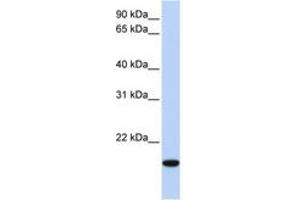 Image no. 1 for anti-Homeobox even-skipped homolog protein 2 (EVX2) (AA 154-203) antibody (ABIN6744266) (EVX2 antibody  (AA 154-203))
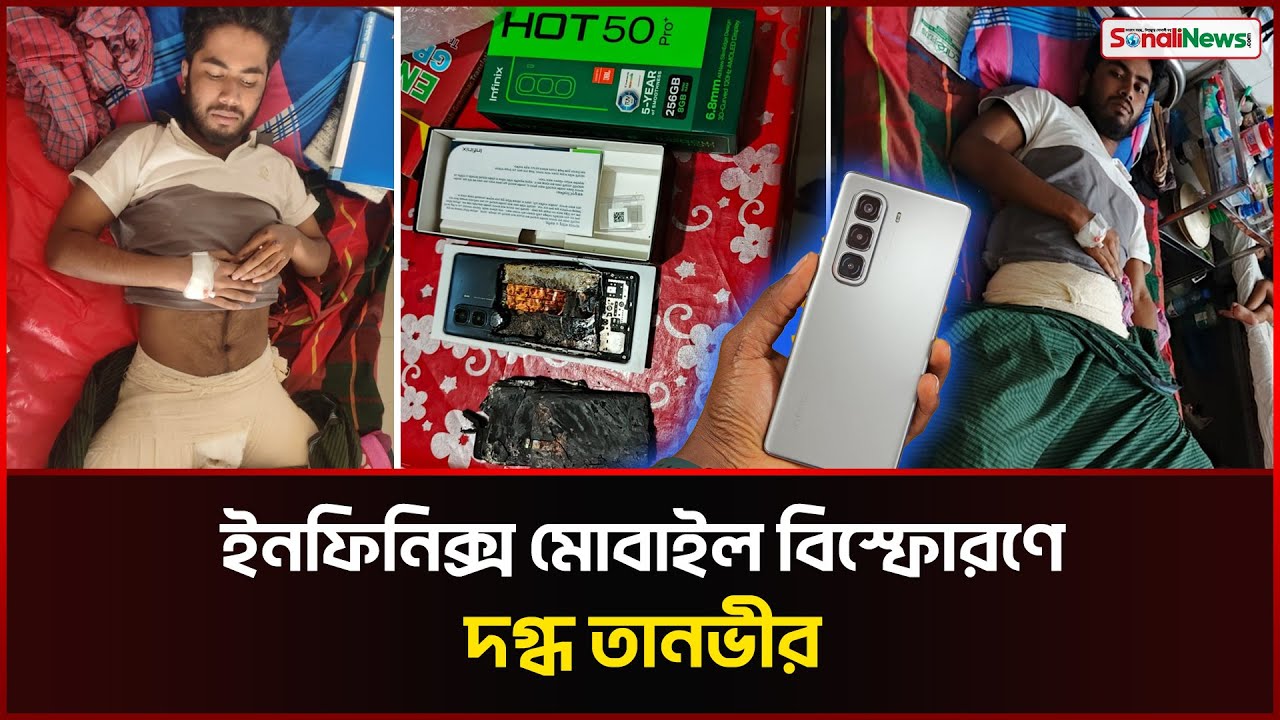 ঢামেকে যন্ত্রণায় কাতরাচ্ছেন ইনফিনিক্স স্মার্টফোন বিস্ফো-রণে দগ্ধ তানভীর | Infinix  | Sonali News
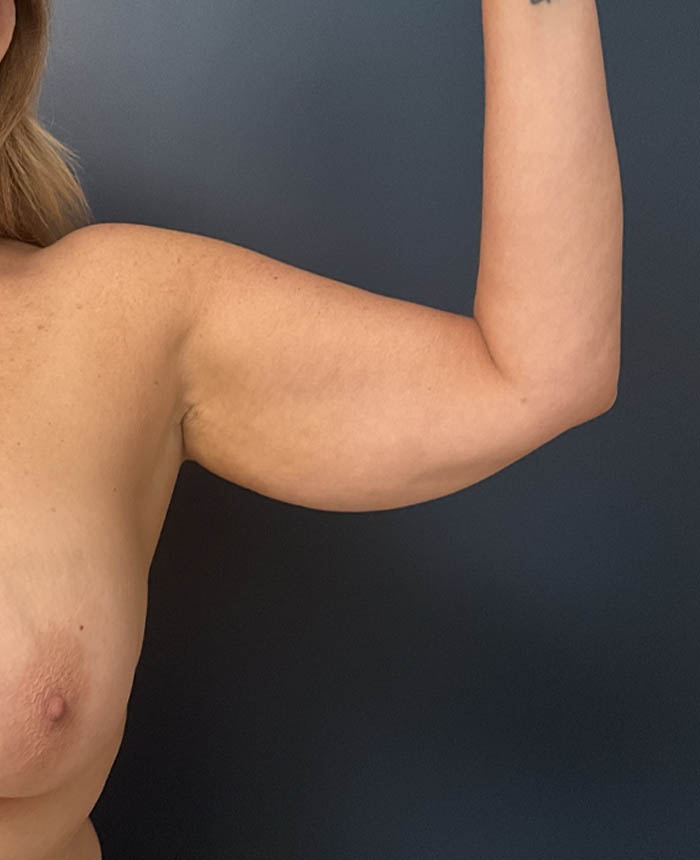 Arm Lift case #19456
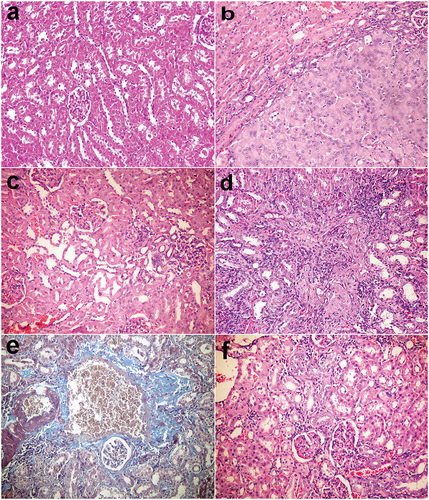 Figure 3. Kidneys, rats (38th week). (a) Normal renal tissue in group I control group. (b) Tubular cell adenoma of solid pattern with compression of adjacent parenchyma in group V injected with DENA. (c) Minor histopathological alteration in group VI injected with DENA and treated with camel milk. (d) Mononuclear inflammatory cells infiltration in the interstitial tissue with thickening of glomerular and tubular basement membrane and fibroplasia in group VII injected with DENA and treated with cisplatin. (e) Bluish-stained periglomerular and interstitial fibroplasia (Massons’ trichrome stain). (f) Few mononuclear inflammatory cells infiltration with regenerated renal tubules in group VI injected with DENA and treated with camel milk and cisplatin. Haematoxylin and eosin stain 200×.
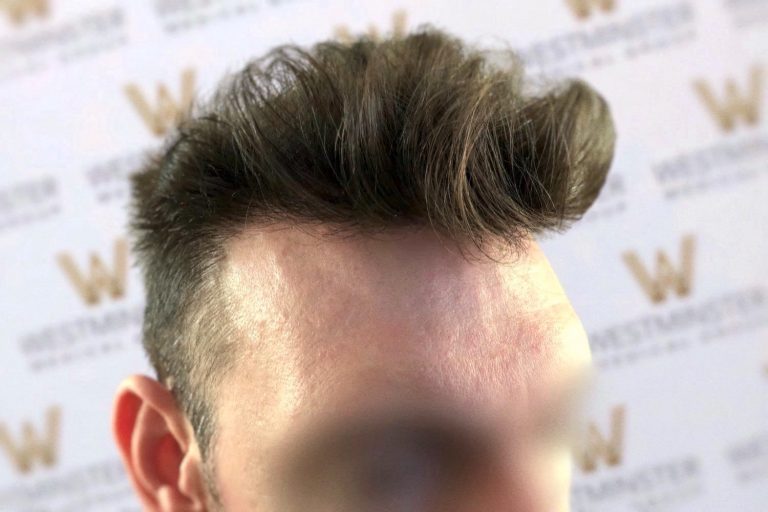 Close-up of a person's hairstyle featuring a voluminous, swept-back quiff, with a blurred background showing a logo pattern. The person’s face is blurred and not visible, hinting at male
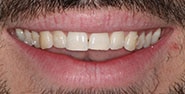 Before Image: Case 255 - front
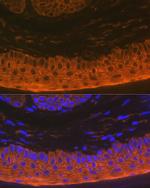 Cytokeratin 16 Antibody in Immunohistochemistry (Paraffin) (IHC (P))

------------

Instructions for the task → Setting the pictures aside, return exactly the lines from the line with "Figure 3. Kidneys, rats" through the last line of the listing above.

Task response →
 Figure 3. Kidneys, rats (38th week). (a) Normal renal tissue in group I control group. (b) Tubular cell adenoma of solid pattern with compression of adjacent parenchyma in group V injected with DENA. (c) Minor histopathological alteration in group VI injected with DENA and treated with camel milk. (d) Mononuclear inflammatory cells infiltration in the interstitial tissue with thickening of glomerular and tubular basement membrane and fibroplasia in group VII injected with DENA and treated with cisplatin. (e) Bluish-stained periglomerular and interstitial fibroplasia (Massons’ trichrome stain). (f) Few mononuclear inflammatory cells infiltration with regenerated renal tubules in group VI injected with DENA and treated with camel milk and cisplatin. Haematoxylin and eosin stain 200×.
 Close-up of a person's hairstyle featuring a voluminous, swept-back quiff, with a blurred background showing a logo pattern. The person’s face is blurred and not visible, hinting at male
 Before Image: Case 255 - front
 Cytokeratin 16 Antibody in Immunohistochemistry (Paraffin) (IHC (P))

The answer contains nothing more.